In spite of its dismal track record and the usual politicking, FIFA’s two most recent major bidding processes (for the 2026 Men’s World Cup and the 2023 Women’s World Cup) showed some encouraging signs, with winning bids coming from co-hosts with sufficient existing physical and commercial infrastructures to share the financial burden. Not coincidentally, however, this encouraging trend also favored developed countries, with Morocco and Colombia respectively losing out.

Although details are still scarce, the DFB’s joint bid with its European neighbors should have a more-than-decent chance of winning the hosting rights of the 2027 FIFA Women’s World Cup. The Royal Dutch Football Association had announced its intentions to bid way back in 2018, and it subsequently invited Belgium and Germany to join. All three countries have existing stadiums and other infrastructures to cope with hosting, as well as the requisite experience. Germany especially would likely re-use many facilities after hosting UEFA Euro 2024.

The three joint bidders’ national teams are also competitive internationally: Germany is a historical superpower in the women’s game, while the Netherlands are of course defending European champions and world runners-up. Belgium is the obvious weak link here, but even they are ranked No. 17 in the world and have a good chance of qualifying for the expanded World Cup in 2023. This joint bid’s only obvious shortcoming is the FIFA membership’s desire to rotate flagship events among confederations in order to create so-called “developmental” opportunities. In that case, a viable bid from South America or Africa might come out ahead, which the UEFA membership also publicly supported in the 2023 Women’s World Cup bidding process.

Internationally, there has been a strong sense that Germany has stagnated in women’s football, especially since its poor title defense at UEFA Women’s Euro 2017. Domestically, the Frauen-Bundesliga—long the hallmark of historical stability—has slipped further behind young, fully professional upstarts in England and the United States. Just last week, German international and Bayern Munich captain Lina Magull publicly criticized the DFB for always prioritizing the men’s game over the women’s and for its poor marketing making women’s football inaccessible to fans. 2027 is still a long ways off, but here is hoping that the DFB’s bidding preparations could lead to a positive revitalization of women’s football in Germany.

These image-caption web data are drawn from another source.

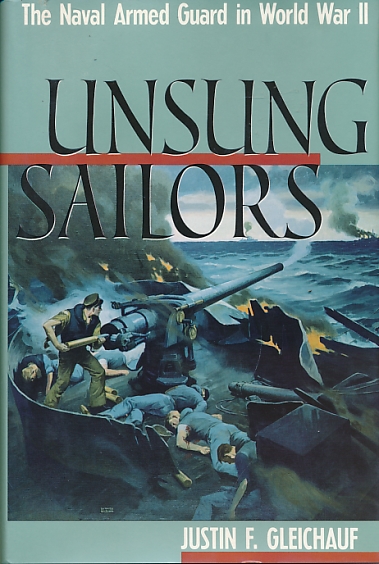 Unsung Sailors. The Naval Armed Guard in World War II.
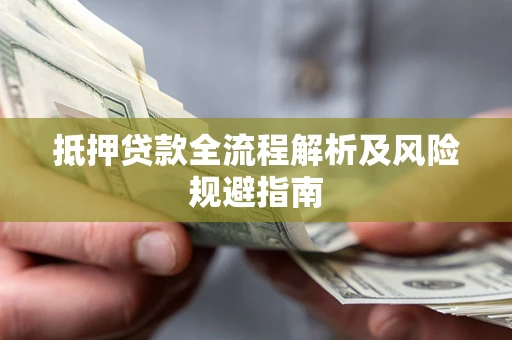 武汉抵押贷款全流程解析及风险规避指南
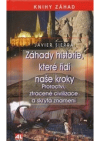 Záhady historie, které řídí naše kroky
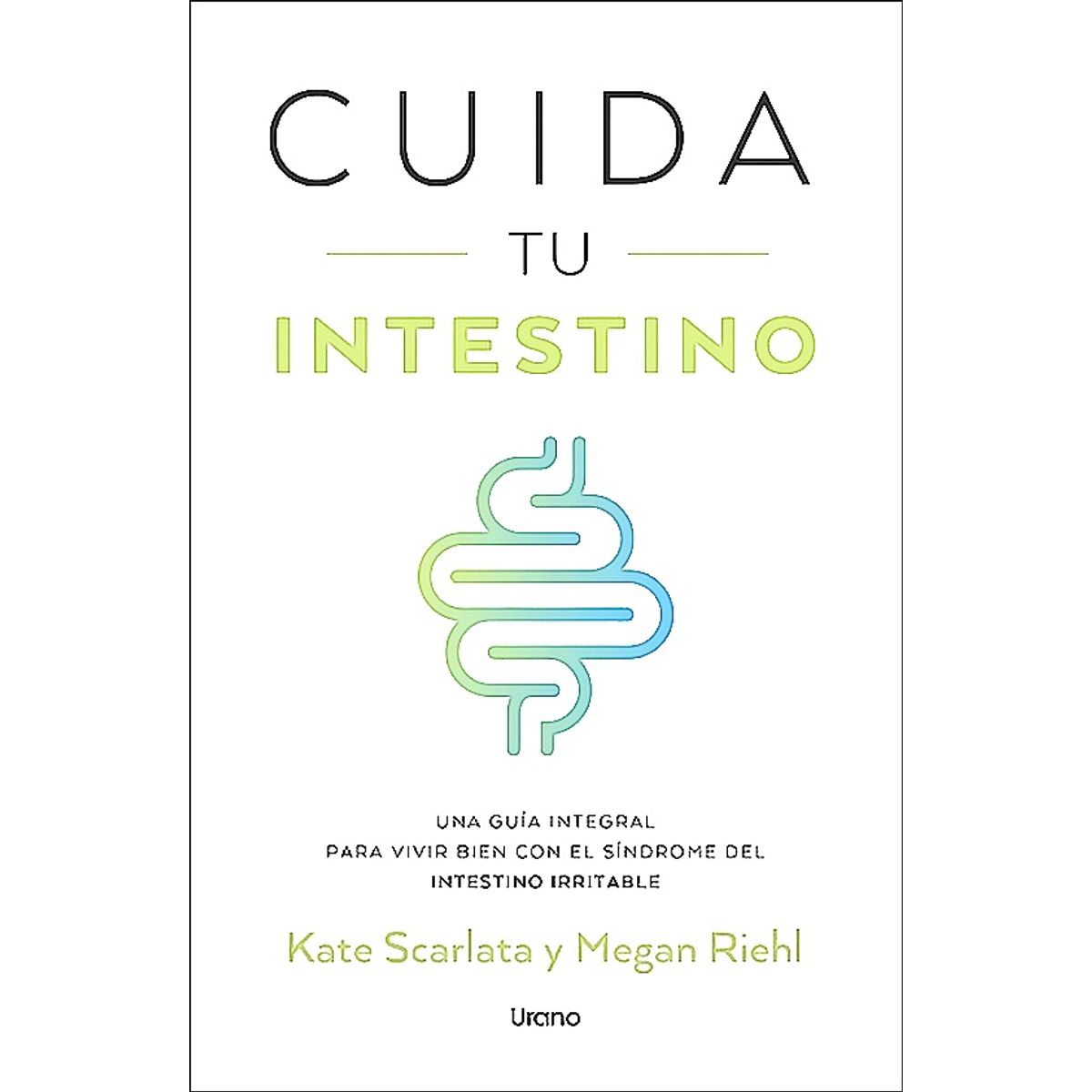 EDICIONES URANO - Libro Cuida Tu Intestino - Scarlata, Kate
Riehl, Megan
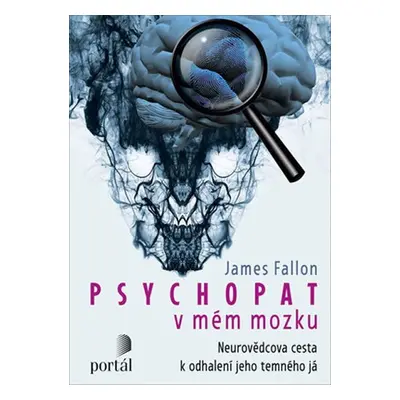 Psychopat v mém mozku - Neurovědcova cesta k odhalení jeho temného já - James Fallon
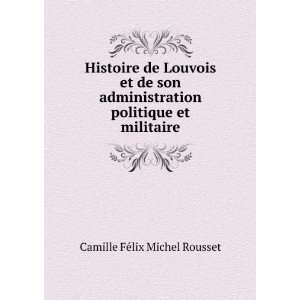   politique et militaire Camille FÃ©lix Michel Rousset Books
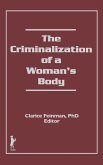 The Criminalization of a Woman's Body (eBook, PDF)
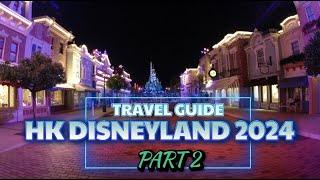 HK DISNEYLAND 2024 ADVENTURE PART 2 (COMPLETE)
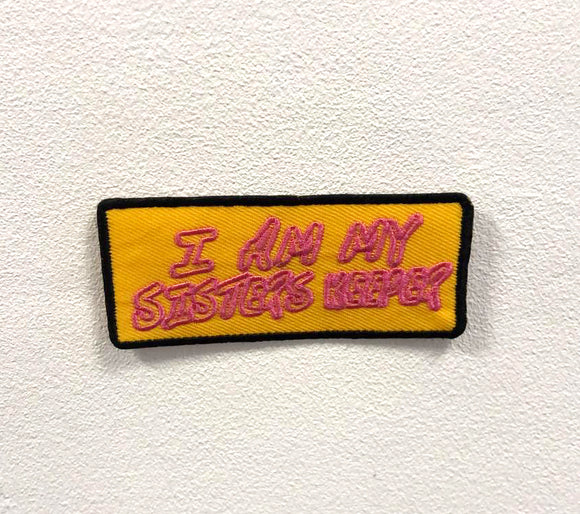 I am My Sisters Keeper Yellow Clothes Iron on Sew on Embroidered Patch appliqué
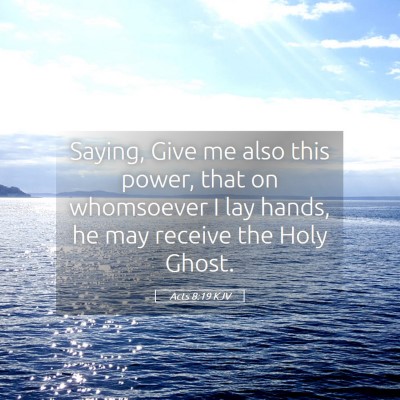 Picture 05 - Acts 8:19 KJV - Saying, Give me also this power, that on - Bible Verse Picture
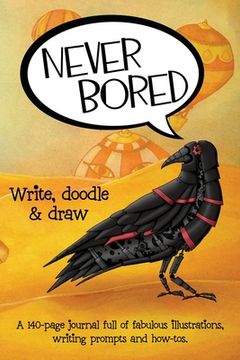 portada Never Bored: Write, Doodle & Draw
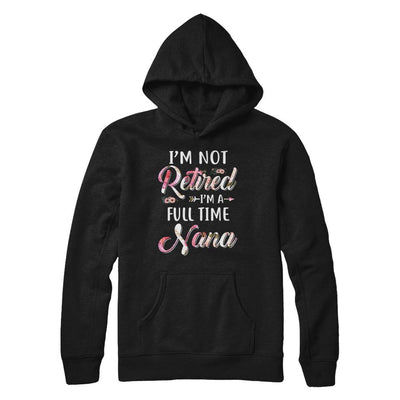 I'm Not Retired I'm A Full Time Nana Mothers Day-T-Shirt & Hoodie-Pullover Hoodie-Black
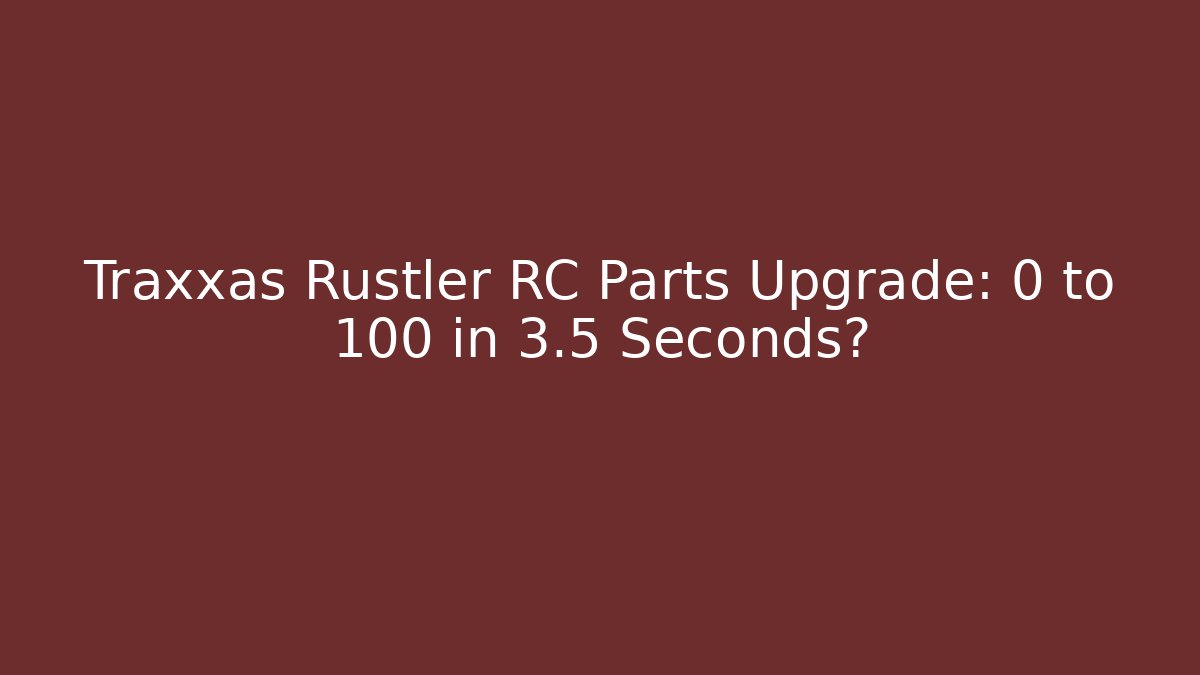 Traxxas Rustler RC Parts Upgrade: 0 to 100 in 3.5 Seconds?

About Sean Wang 16 Articles
I became a diehard women's soccer fan after catching the epic 2011 FIFA Women's World Cup Final between Japan and the US at a dive bar in Jordan, Montana. A Berliner since 2017, I can be frequently found shouting in front of the computer while watching OL Reign play in the NWSL, and catching Frauen-Bundesliga actions in Potsdam and on local television. Come talk "Quatsch" with me on Twitter!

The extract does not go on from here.